Bem impressionado, ouvi a Voz:

– Entendeu agora porque nem você nem ninguém nunca me vê, ô… – a voz era suave, mas aquele ô no final me deu a nítida impressão que Ele ia dizer “ô merdinha…” ou “ô verme…”

– Me custa crer… Senhor! Não quero ser insolente, mas acho que Seus mensageiros, seus profetas, seus pastores e padres não souberam transmitir bem Sua imagem entre os mortais. Ainda pequeno, o Senhor me foi apresentado como um velho bem velho, de longas barbas e cabelos brancos, de cenho franzido e boca fechada, lançando raios sobre a Terra, como se estivesse com raiva de Si e de todo mundo…

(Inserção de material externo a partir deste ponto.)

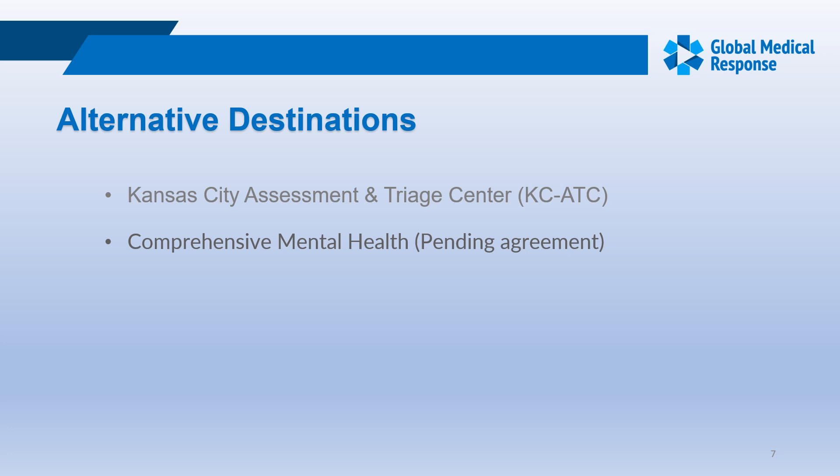Our current alternative destination is KCATC — Kansas City Assessment and Triage Center. This facility is strictly voluntary and patients must not have any medical needs. They do not allow walk-ins. They are open 24/7, 365 days, but are limited to 16 beds — eight for sobering and eight for mental health. Stay is only 23 hours and patients can leave at any time, so you can reassure them it is not a locked facility; there's no security and it is strictly voluntary.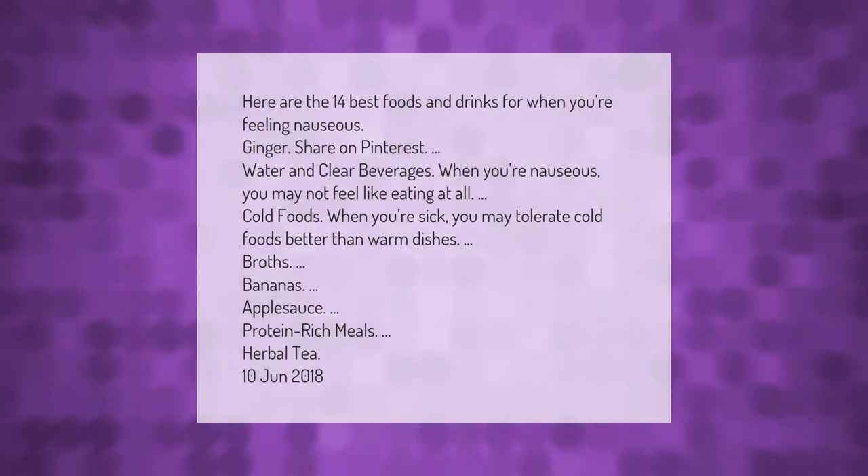Here are the 14 best foods and drinks for when you're feeling nauseous: ginger, water and clear beverages, cold foods — which you may tolerate better than warm dishes when sick — broths, bananas, applesauce, protein-rich meals, and herbal tea.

– E você acha que se eu fosse apresentado aos humanos como um avozinho de óculos e bengala, um Papai  Noel de roupa azul e branca  e bochechas vermelhas, dando risadas ah! ah! ah!, os mortais iriam se prostrar ao chão ou pedir pra sentar no meu colo? Depois de 72 anos de vida terrena, você acha que o amor é mais poderoso que o ódio? Acha mesmo?

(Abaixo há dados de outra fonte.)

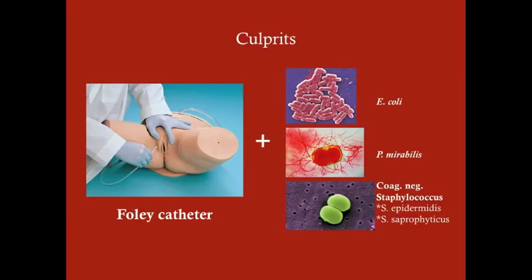The culprits for post-operative UTI are the same as in any UTI: E. coli, Proteus mirabilis, and coagulase-negative Staphylococcus, which includes Staph epidermidis and Staph saprophyticus — part of the vaginal flora. The Foley catheter, which is used for good reasons during and after surgery, is a perfect vector to introduce bacteria into the bladder and cause a urinary tract infection.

– Não… Não acho! Mas isto é culpa da criatura ou de seu Criador? – A voz calou-se por um tempo, enquanto eu pensava com meus botões, que já não existiam mais: “Será que eu exagerei?” Parece que não, pois a voz voltou, menos suave um pouco, mas disposta a um debate:

– Qual sua definição de culpa?

– Antes de expulsar Adão e Eva do Paraíso, o Senhor não lhes perguntou se eles estavam arrependidos por terem comido o fruto proibido. Não! Eles desobedeceram uma ordem direta do Todo Poderoso, algo inadmissível para o Criador. A culpa que, provavelmente, eles sentiam, não teve oportunidade de ser redimida. Ao contrário: o Senhor os mandou penar na terra, que passou a ser o lugar dos pecadores para sempre. E que desculpa o Senhor se deu para justificar esta falha? O livre arbítrio. Não é atoa que o ser humano em geral tem uma frase feita para todos os sofrimentos que passa em sua vida: “Foi Deus quem quis!”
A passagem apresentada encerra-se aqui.